In a nutshell: Just one 'pole' of the amps output transistors runs at high temp, ie 50-55c, whether idling or blasting. The amps are pretty huge, (300w/8, 450w/4, 650w/2) they don't seem to have any issue with the extra heat, play at any level without apparent stress. The reason this is a problem is that over the course of a couple of years this killed a 565, through (I assume) thermal cycling of the components...having replaced the failed amp, he doesnt want to repeat the performance and kill another.

I'm assuming (you know what they say) if the amps were oscillating the sinks would be equal in temp, but the left hand heatsink, attached to paralleled toshiba transistors that are one pole of the output are barely warm, while the right sink is almost too hot to touch, on both channels.

If anyone has any clues, I'd love to hear 'em. I will be going over there with a multimeter and handheld scope on weds, so I will be checking basic things then...

Thanks for your help

Stuart
 
Amp details...

Hi,

In response to the earlier question I checked the schematic, the output transistors are each coupled to the load through a 0.33ohm emitter resistor. There is no series output network, though there are a capacitor (0.047u) and resistor (6.8ohms) in series across the output. Would this make the amp less stable driving a highly reactive load?

The transistors that are heating are the negative output pole, on the right hand side of the amp, looking from the front.

Stuart
 
very strange...

Ok, I visited with the offending equipment, oscilloscope and multimeter in hand. After measuring, voltages, output waveforms and finally current, I have determined the speaker is making the amp sink 0.75 amps. Not good. Quite unusual as far as I know. The amp is studly enough to sink the current and keeps the output offset to a few tens of millivolts. Given the 80+v rails, the heating effect is not a surprise.

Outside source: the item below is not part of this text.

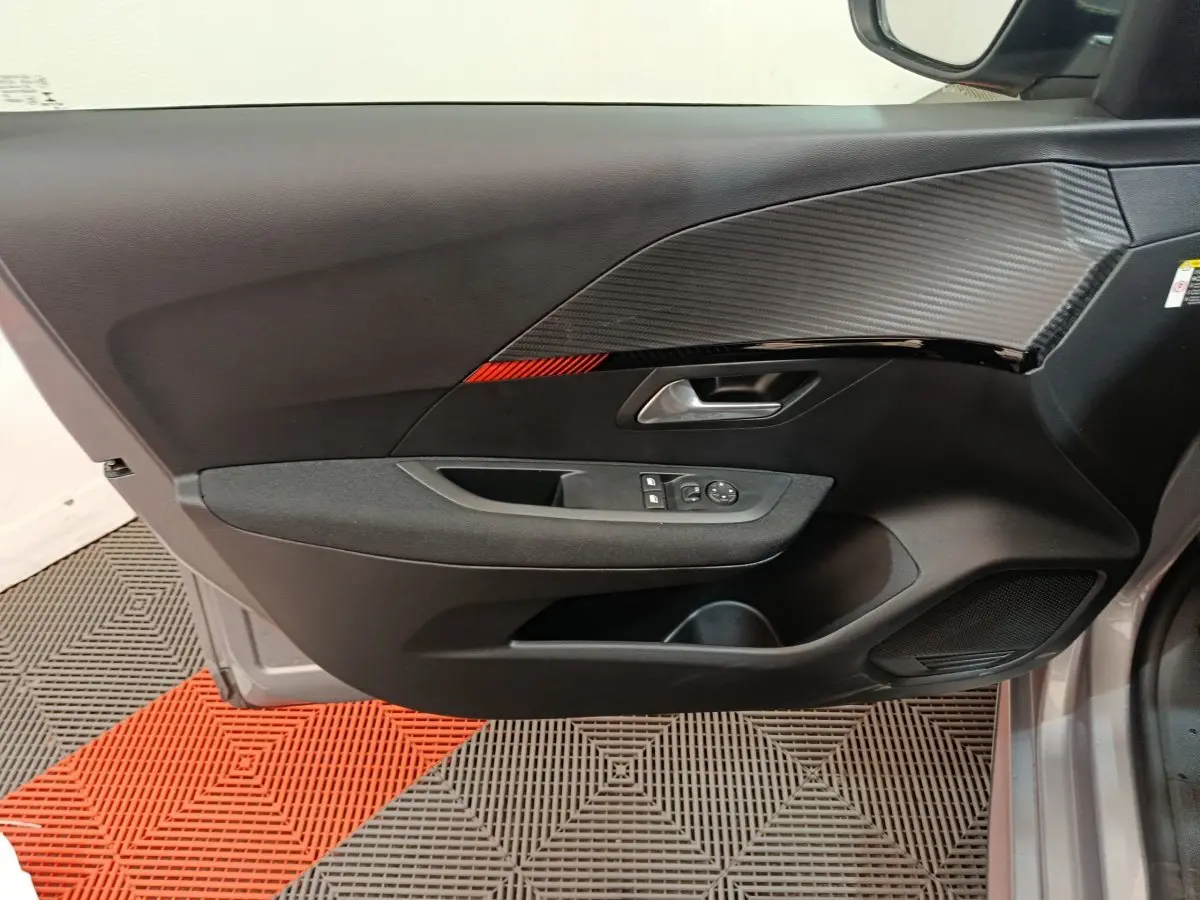 Vue intérieure côté gauche de la porte d'une Peugeot 208 électrique gris clair avec insert décoratif noir et rouge.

To the limits of my handheld scope there are no unexpected waveforms on the output.

Has anyone ever heard of a speaker doing this before?

As a control we tested the amps with a couple of other speakers, some Polks and Klipschs and had no problems at all...

Stuart
 
I have designed and built amp circuits before, and I do remember one problem that the reactive componants of the speaker caused RF occilations and made the amp output around 15W at 150KHz!:bigeyes:

If there is no current flow when the speaker is not connected, the speaker must be causing something. Try connecting the output accross a non-reactive resistor of rated output impeadence. If this doesn't change the result, then you may have a biasing problem.
 
Short via safety ground?

I think those "accustats" are Acoustat ESL's?

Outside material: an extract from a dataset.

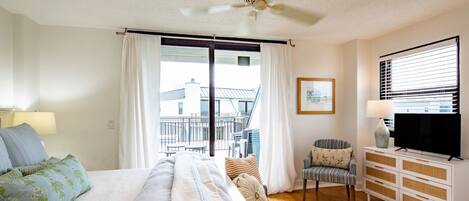 A bedroom with a bed, a TV, a dresser, a chair, and a balcony.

I' am not familiar with those speakers and am not sure, but could you be short-circuiting the amp's "+" output somehow via the amp's and the ESL's HT-powersupply's ground (if present) or so?

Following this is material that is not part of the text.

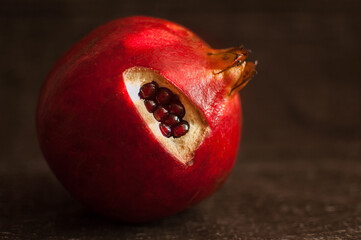 Juicy garnet, ripe pomegranate fruit on wooden background.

Since you say you don't seem to have problems wrt. oscilations and the amp's have no problem with other speakers this could be a possibility?

Try disconnecting (Temporarily !!!) the safety ground of one of the two, speaker or amp, and check if the sinking of current stops.

Just temporarily unplugging the ESL's powersupply might work also for the test.

Maybe reversing the speaker connections also could indicate something like that (other side, "-" , heating up?)

Check with the speaker doc's wiring diagram, if present., for ground connections within the speaker or check with an Ohm-meter?
 
Already checked

Hi,

I already looked at the output of the amp witha scope when connected to the speaker, there are no oscillations detectable and no DC offset detectable.

The speakers are electrostats, so there is a power cord going to a box at the base of each of the speakers, I'm thinking the box has a fault. We tried the amp driving a couple of more ordinary dynamic speakers, there was no heating effect, no current flowing etc, exactly as it should be. I think the speaker is attempting to create a DC offset, and the amp's DC servo circuit is causing the amp to null it, leading to about 0.75 amps to flow, causing about 60w of dissipation in the right bank of transistors...

Anyone have a schematic for acoustat 1+1's?